No simple solutions to complex problem of societal violence
Crime exploded in the 1960s and 1970s, and stayed on an upward trajectory into the 1990s.
Then, suddenly, it fell. And kept falling.
The cause of the decline has been the subject of stacks of sociological studies, but no one has been able to pinpoint a single overriding reason why crime went into retreat in the final decade of the 20th century and remained at bay in the first two decades of this century. Maybe it was the baby boomer generation mellowing into middle age. Perhaps it was the rise in the use of anti-depressants and other mood-altering prescription medications. Tougher policing and increased incarceration may have had something to do with it, as well as reduced lead exposure, good economic times and urban gentrification.
It could have been a combination of all these things.
Now, crime is starting to creep back up. And, as with its fall, no one has been able to offer a tidy explanation why. Has it been the dislocations caused by the COVID-19 pandemic, with its increased unemployment, enforced isolation, illness and overlay of anxiety? In 2020, the ranks of some police forces were reduced due to officers having to quarantine after exposure to the virus. Also, the killing of George Floyd in Minneapolis in May 2020 and the protests that followed might have led police to back off from some situations.
Floyd’s killing might have also led some communities to mistrust the police. Dr. Richard Rosenfeld, a criminologist at the University of Missouri in St. Louis, told The New York Times, “When police legitimacy is greatly reduced, you get more crime because people are no longer relying on the criminal justice system for assistance.”
Rosenfeld explained that “people are less willing to cooperate with police in investigations, less willing to report crimes or other problems to the police and more willing to take matters into their own hands.”
Still, the national numbers are disturbing. Chicago saw a 50-percent increase in homicides over 2019, while Los Angeles saw a 30-percent increase and New York experienced a 40-percent increase. Pittsburgh also saw an increase in homicides in 2020, though it was not significant when compared to recent years.
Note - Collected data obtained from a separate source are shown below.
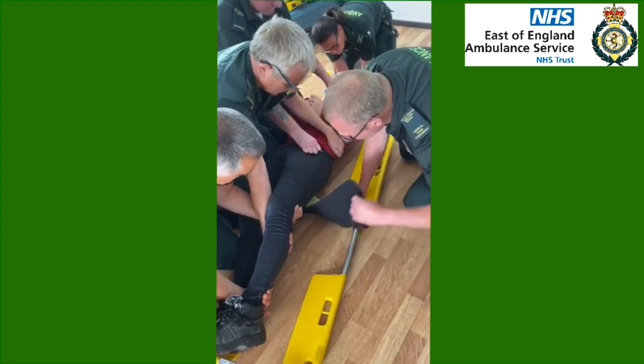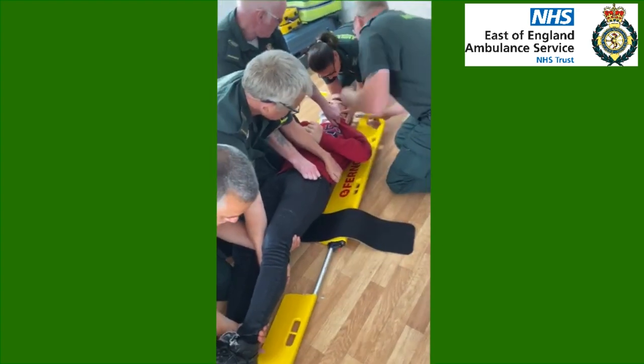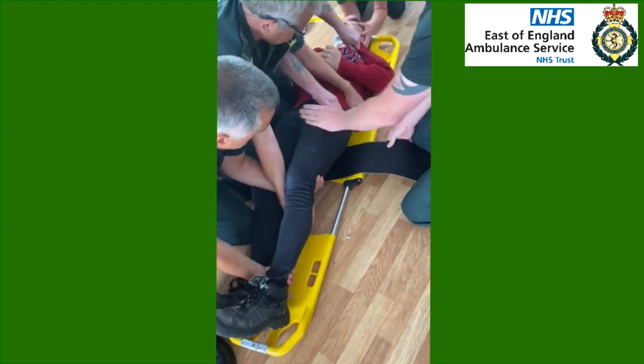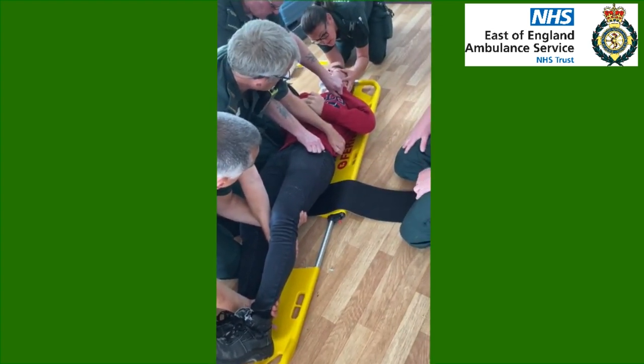Okay, I'm going to take the pelvic binder out from this side first, and then I'm going to click the scoop in at the top first, followed by clicking the scoop in at the bottom. Okay, in position we are. So we'll go back on your command please Sarah. Ready, set, roll.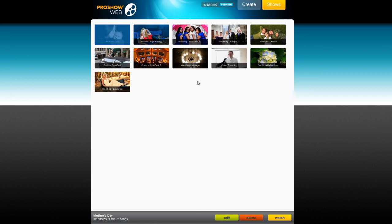Hello everybody, and thanks for checking out today's lesson. This is Nate from Photodex, and today I'm going to show you how you can create HD versions of the shows you make with ProShow Web. Any ProShow Web show can be downloaded as an HD video, but keep in mind that you'll need to have a premium membership to access the HD options.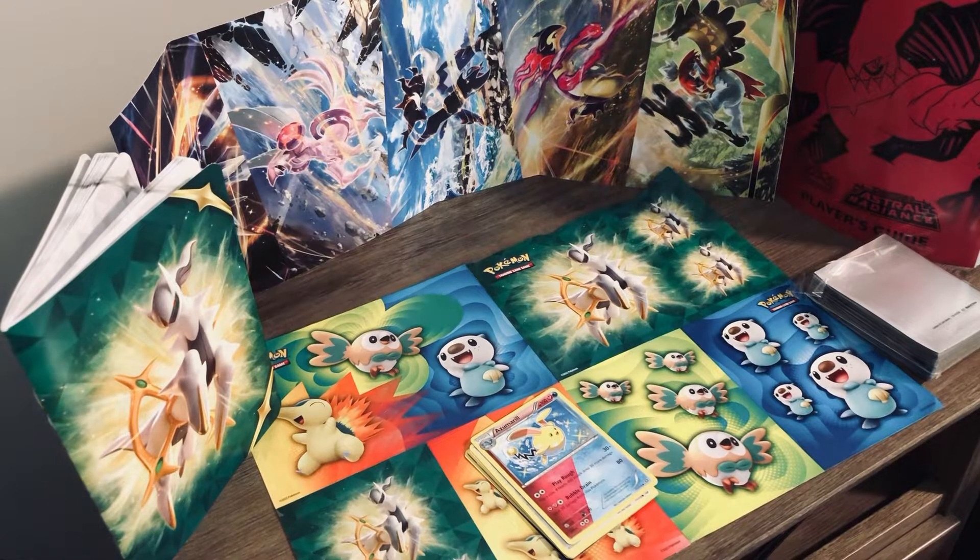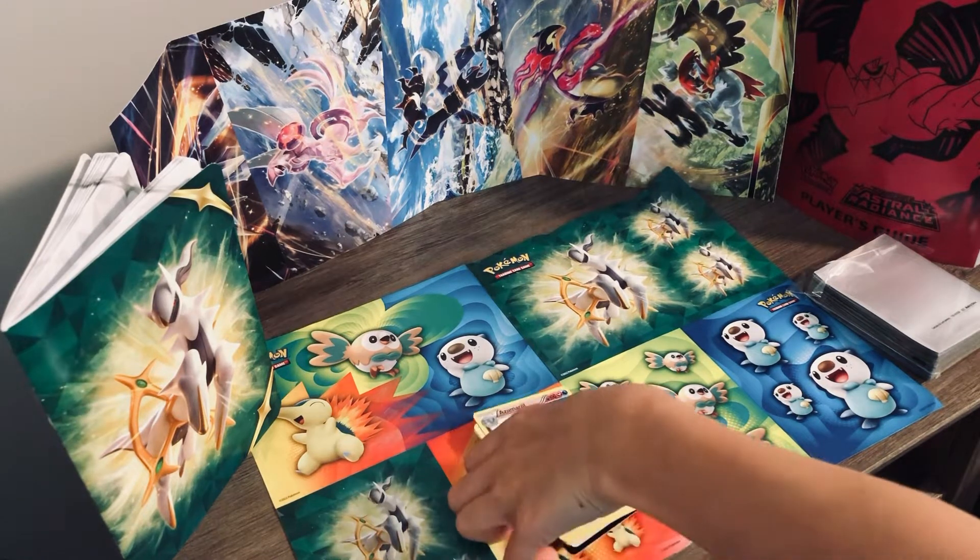Hello guys, welcome back to my YouTube channel. Today I'm going to be showing you guys how to do the card trick on Pokémon cards.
We can only hope that this new crime wave starts to recede once the pandemic is more or less behind us and people are back in jobs. We also hope that civilian review boards, like the one that is being considered in Washington, help increase trust between police and the communities they serve.
There are no silver bullets, though. Over the long haul, investments need to be made in areas that have seen large-scale disinvestment in recent years. Schools need to be made better in impoverished communities, pubic parks need to be improved, blight needs to be eliminated. And, violence needs to be treated as a public health problem, not just a political issue.
If crime does continue to inch up in the months ahead, you can bet it will become a political issue. It’ll be fertile ground for demagogy, but we should avoid thinking there are simple solutions to a large and very complex problem.